A cached page is a digital copy of a web page that’s stored in an individual user’s or organization’s temporary storage (such as short-term session storage). This essentially functions like a backup or ‘snapshot’ of these websites, and Google Search would make these backups as it combed the web for search results.
Google has been creating and storing different types of cached pages for pretty much as long as Google Search has existed, and Google’s collection of cached pages is sometimes called a “backup of the Internet.” Its practice of caching websites has been fundamental to Google’s search infrastructure since the start, and these cached links allow people to be able to see at least a past version of the site.

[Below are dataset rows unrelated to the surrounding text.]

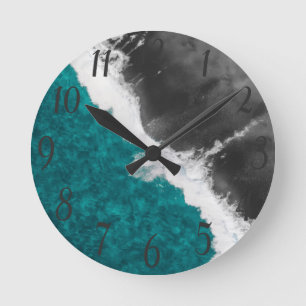 Reloj Redondo Mediano Modernas olas artísticas Verde azuladas del océano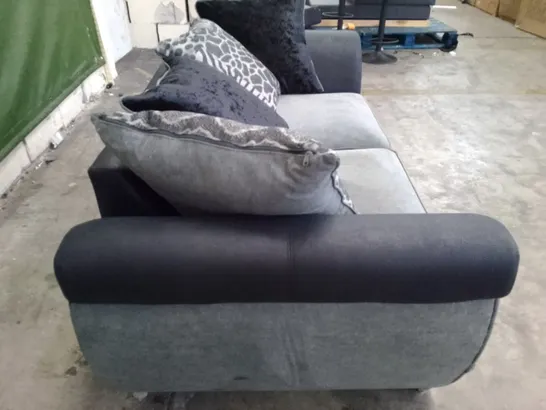 QUALITY DESIGNER 2 SEATER SOFA - GREY/BLACK FABRIC 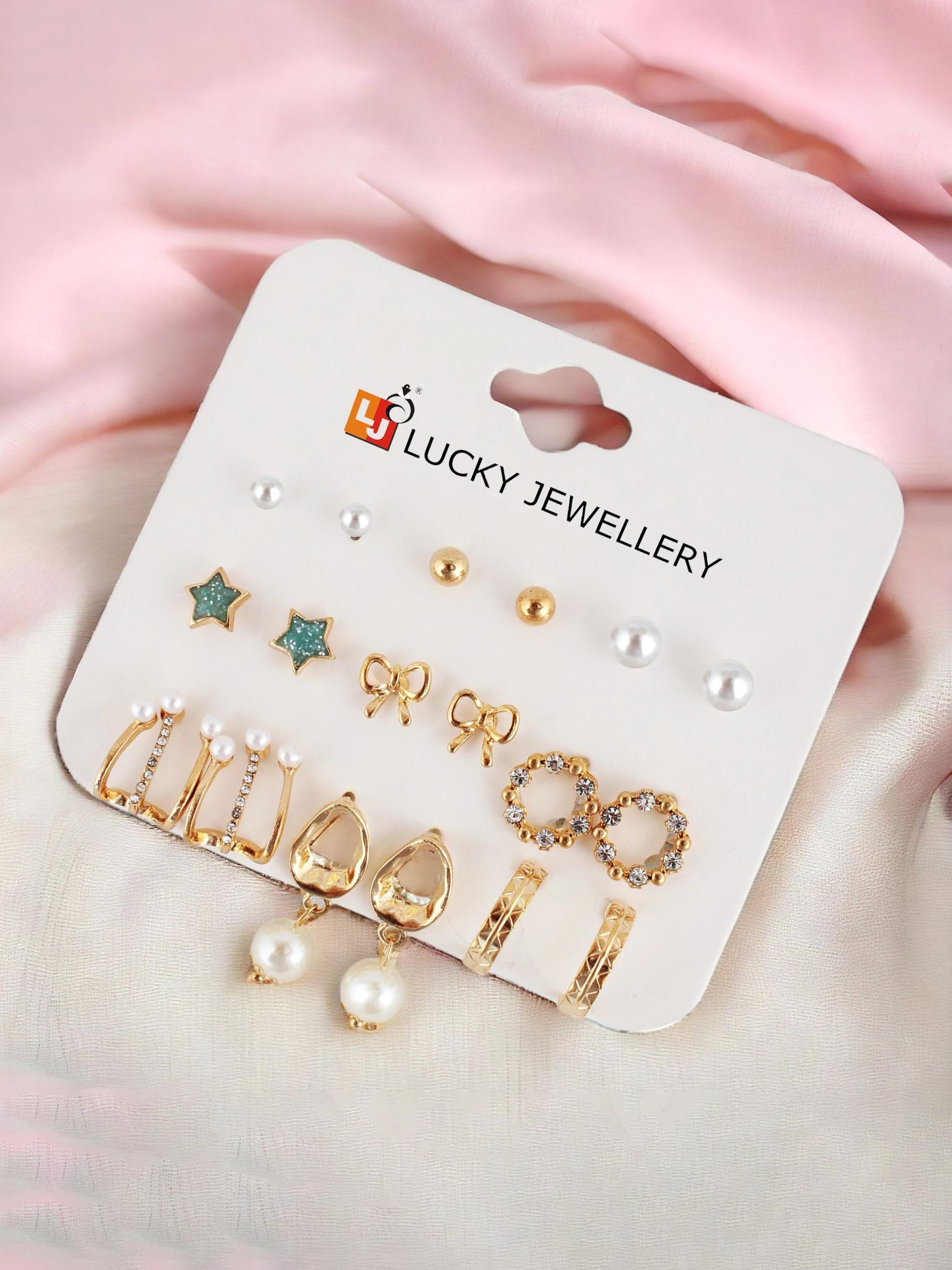 LUCKY JEWELLERY Fashion Pairs Combo Set Of Latest Earrings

This can be handy if the web page has gone offline for some reason, or if there have been substantial changes made.
The implications and thinking beyond Google
That’s now going to change, and Google will cease caching websites, according to Google’s official “Search Liaison” Danny Sulivan, as explained in his lengthy X (formerly Twitter) post.
He writes:
“Yes, it's been removed. I know, it's sad. I'm sad too. It's one of our oldest features. But it was meant for helping people access pages when way back, you often couldn't depend on a page loading. These days, things have greatly improved. So, it was decided to retire it.”

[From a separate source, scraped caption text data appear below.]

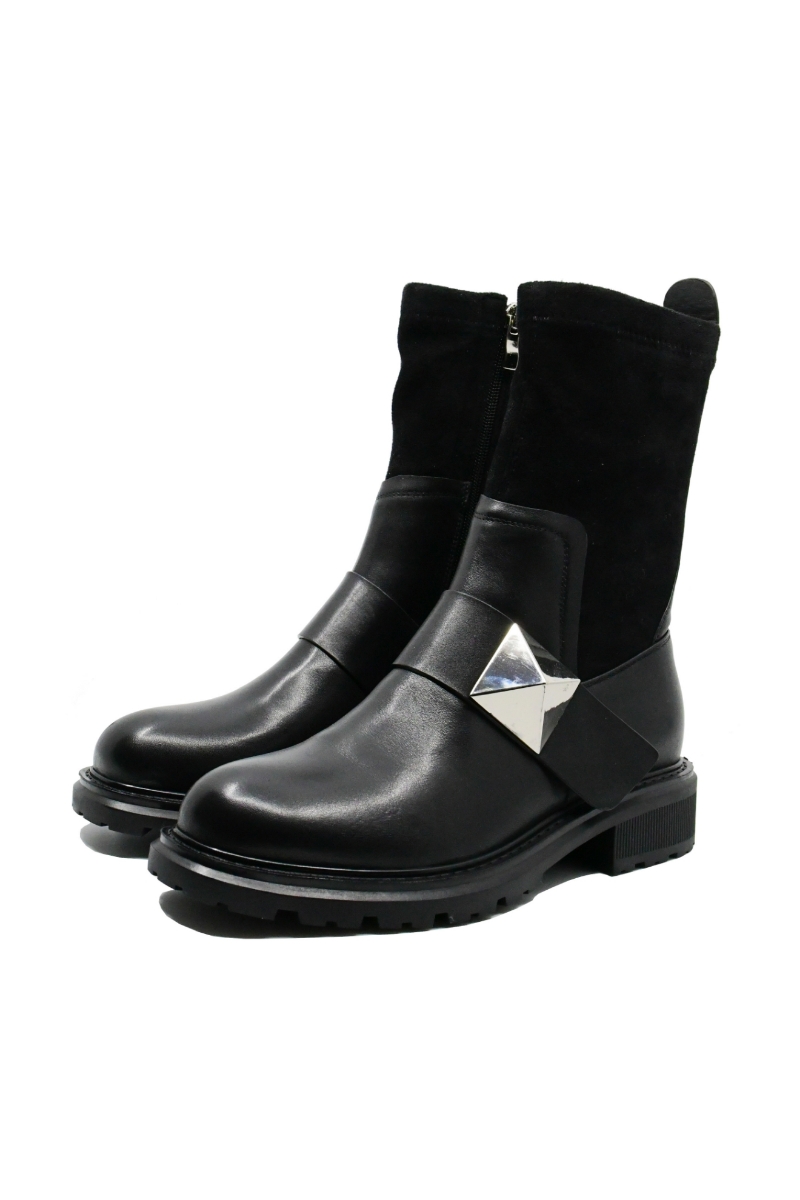 Imagine Ghete damă negre din piele naturală, cu carâmb moale FLG7023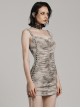 Brown Sexy Stretch Roman Knitted Cotton Gathered Lace Up Design On Both Sides Punk Style Suspender Sleeveless Dress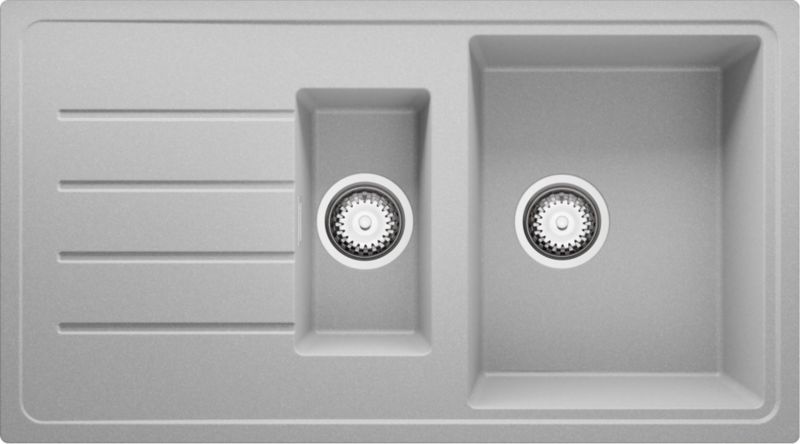 Zlewozmywak Kopenhaga Duo PRIMAGRAN Nablatowy 90x50cm do szafki od 60cm, Szary + Syfon, S005, 1 szt.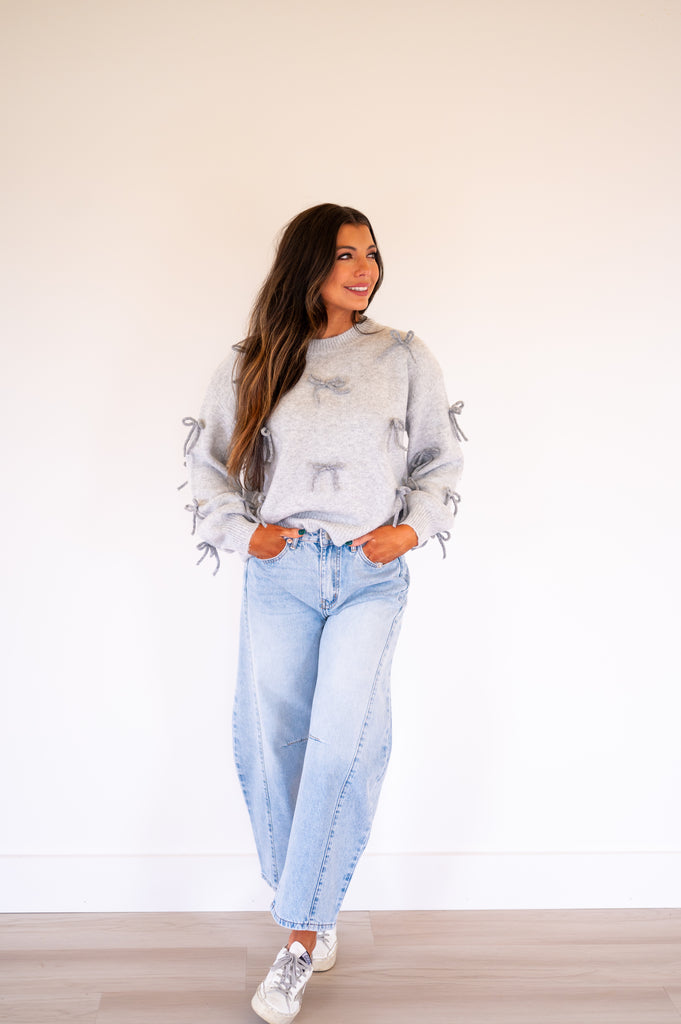 Betsy Bow Sweater-Gray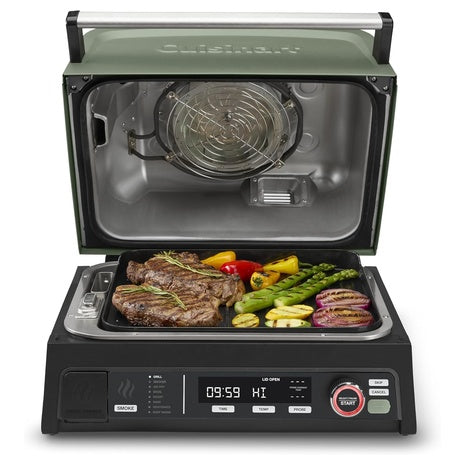 14.6" FlavorBoost 8-in-1 Electric BBQ Grill & Smoker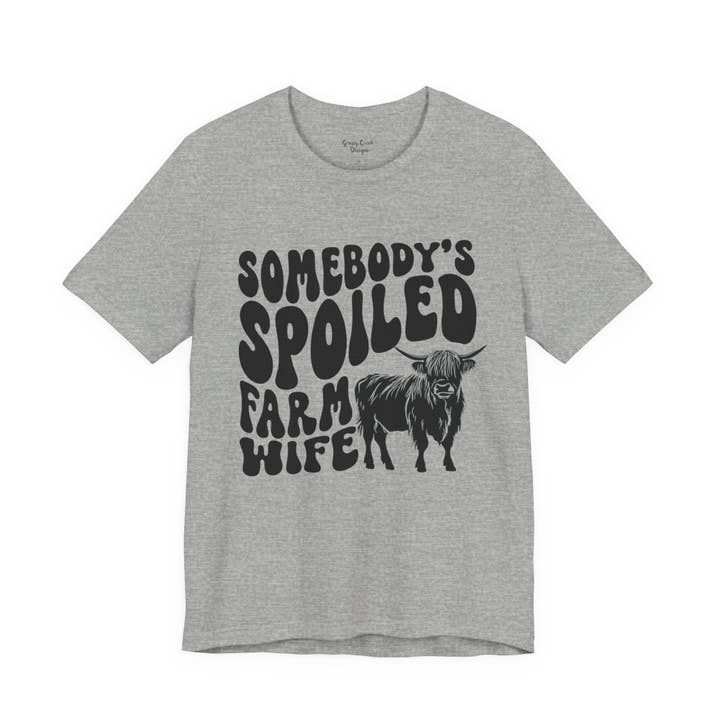 Somebodys Spoiled Farm Wife Highland Cow Women's Graphic T-Shirt for wholesale by Grassy Creek Designs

Hey, catching up. Yes, it's been removed. I know, it's sad. I'm sad too. It's one of our oldest features. But it was meant for helping people access pages when way back, you often couldn't depend on a page loading. These days, things have greatly improved. So, it was decided to…February 1, 2024
He also goes on to suggest that Google might make use of the Internet Archive’s library of snapshots of web pages in the About This Result section of future Google Search results. We can infer that he probably means the Internet Archive’s Wayback Machine, its digital archive of the World Wide Web. He praised the Internet Archive for what it does and clarifies that Google will have to reach out to the Internet Archive to make this happen.
The Wayback Machine is somewhat similar to Google’s collection of cached pages, except a good deal smaller and younger than Google Search. While Sulivan is probably on to something, it’s going to be a challenge for Google to resolve if it wants to keep up the credibility of its search results.
The Wayback Machine is quite extensive, but it’s not as extensive as Google’s collection of cached information. Also, the Internet Archive is a nonprofit organization with more limited resources than the likes of Google, and it prioritizes more popular and significant websites. Additionally, it would be relinquishing a great deal of control over the archival process and passing over a lot of that responsibility to the Internet Archive.
The wider implications and how you can cache a page for yourself
Cached pages have been disappearing and reappearing for some users since December 2023, and according to Ars Technica, as of February 2, 2024, it couldn’t locate any Google Search cache links.
It does point out that for now, you can create your own cache links through one of the following ways:
1. Type "https://webcache.googleusercontent.com/search?q=cache:" plus the website URL of the website you’d like to cache (without the quotation marks)
2. Enter “cache:” (without quotation marks) plus a URL straight into Google Search.
Ars Technica also reports that Google has taken down all of the support pages about cached websites.
Before this change, every result that came up in a Google Search would have cached links that could be found in the drop-down menu next to it. A Google web crawler would continuously scour the web to try and find updated pages (to make sure its search results were up to date), and in that process, it would save the version of the page that it came across at the moment it found it.
It’s easy to imagine how all this storing of historical websites could pile up to immense amounts of data, especially as internet use and use of Google search in particular have grown over the past few decades. This might be a move to cut data storage costs, as getting rid of its vast collection of cached pages will probably free a lot of storage space.
If this is a cost-cutting move, then it will be a real shame, as Google’s caching of the internet has been a vital part of documenting and preserving the ever-evolving World Wide Web, which has not just been useful for researchers and students, but for anyone who wanted to revisit sites and pages that have otherwise disappeared.